Sample cleaning [Fig. S1(c)] was performed in order to obtain the microstructures with homogeneous surface chemistry. To start with, reactive-ion etching (RIE) was deployed to remove the remaining photoresist on the surface (O2: 30 sccm, pressure: 26 Pa, RF: 100 W, Model: RIE-10NR, SAMCO). The microstructured sample was immersed in HF solution (5 wt%) and then exposed in air in a clean booth for three days to ensure that the surface was saturated with a native oxide layer, resulting in a stable and uniform surface.

Selection of working liquids

Ethanol was blended into water to lower the surface tension of the working liquids and glycerol was added to vary the viscosity. The three types of working liquids had nearly the same surface tension and the dynamic viscosities were, 1.0 cP, 3.3 cP and 12.0 cP (Tab. S1).

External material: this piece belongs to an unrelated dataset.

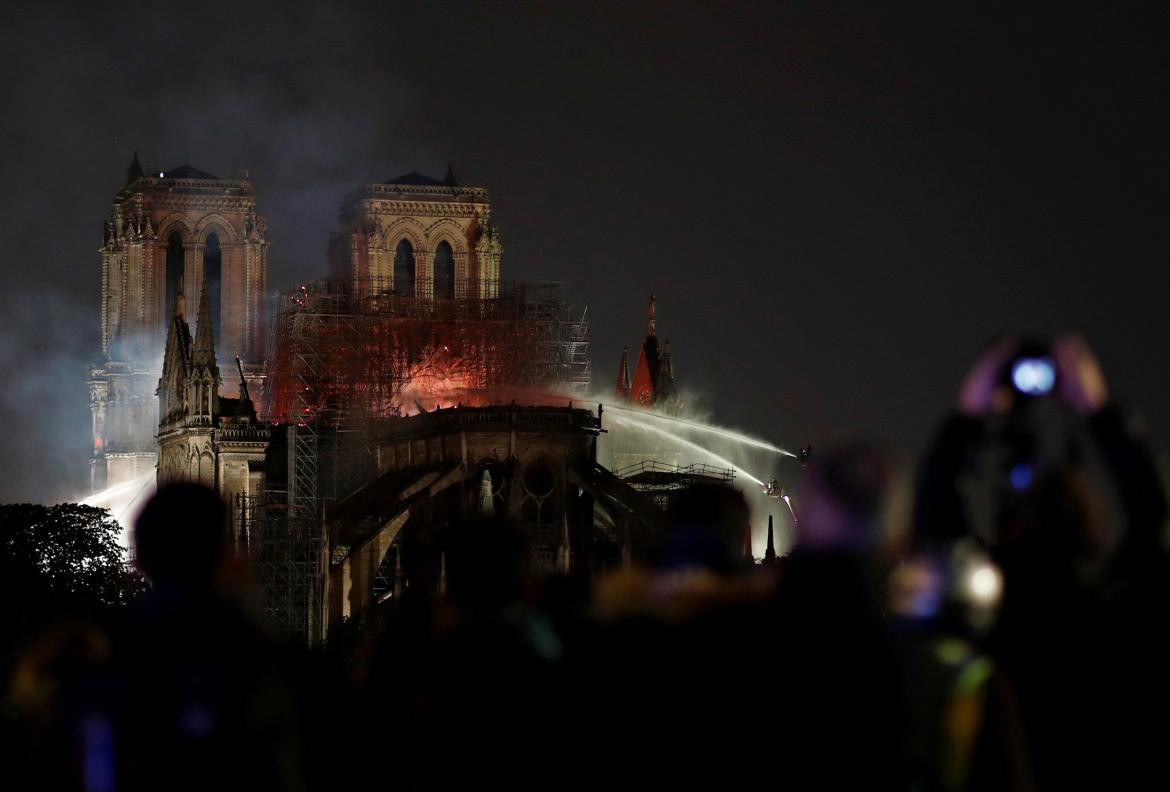 Incendio en la Catedral de Notre Dame, 15 de abril de 2019, REUTERS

Set up of spreading experiment

For each trial, the desired substrate was placed under the thin needle (33G, 90°). The distance between the needle tip and the substrate was accurately fixed to 1.0 mm. This produced a droplet small enough not to be affected by gravity, but large enough to be observed. As soon as the droplet came into contact with the surface, the rapid spreading process was captured and recorded by a Photron FASTCAM SA2 camera at 54 000 frames per second under a sufficiently intensive light provided by a Photron HVC-SL lamp (Fig. S5). Following the experiments, the histories of spreading radius were extracted from the original snapshots through image processing (Fig. S6).

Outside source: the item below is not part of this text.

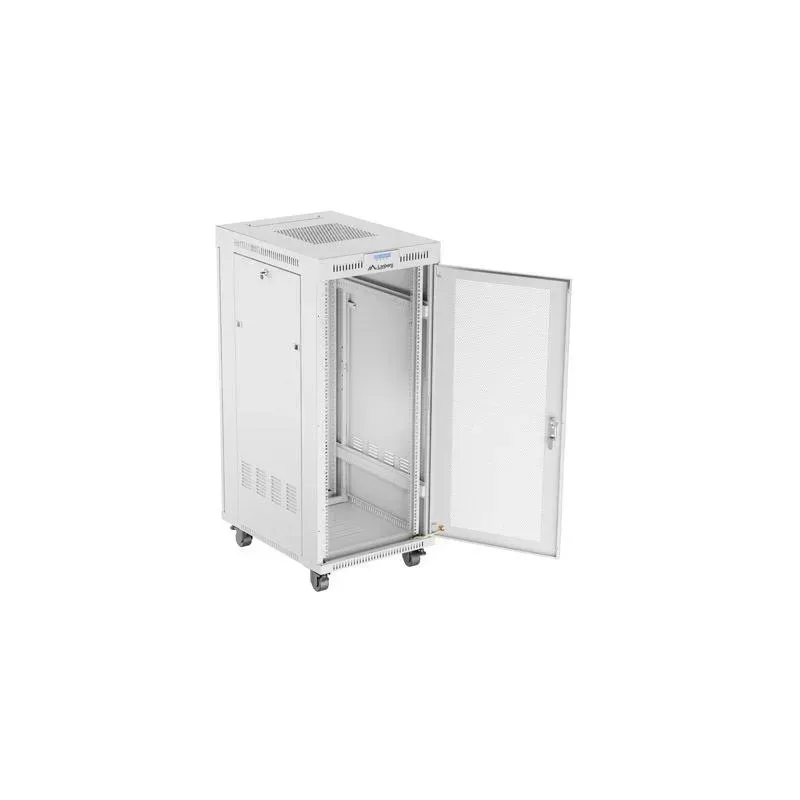 Szafa instalacyjna Rack stojąca 19" 27U 600x800 szara | PartsPC.pl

Measurement of average spreading rate

The average spreading rates were calculated based on the observed histories of the spreading radii. The spreading radius was observed to develop linearly with time over a significant portion of each measurement and therefore a linear least-squares fit was suitable to obtain the spreading rate. The spreading radius range over which this linear fit was applied was fixed for each value of viscosity and was chosen to be appropriate for the range of radii observed as the roughness was varied.

CNHS simulations

The numerical simulations were carried out using femLego38, a symbolic tool for solving partial differential equations using the adaptive finite element method and utilizing the Cahn-Hillard equation, treated as a coupled system of the chemical potential and composition. An adaptively refined and derefined mesh has been used to ensure mesh resolution along the vicinity of the interface and the surface. In the axisymmetric CHNS simulations on flat surfaces, the effect of microstructures was incorporated through the contact line friction factor μf. In the CHNS simulations of a 2D cylindrical droplet wetting the 3D microstructures, the actual geometries of the surface microstructure were resolved by adopting a model system of cylindrical-slice droplet, with the slice width of 2(a + b) and domain height and width of 3 and 2 times that of the droplet radius, respectively. More details can be found in the supplementary information, section 8.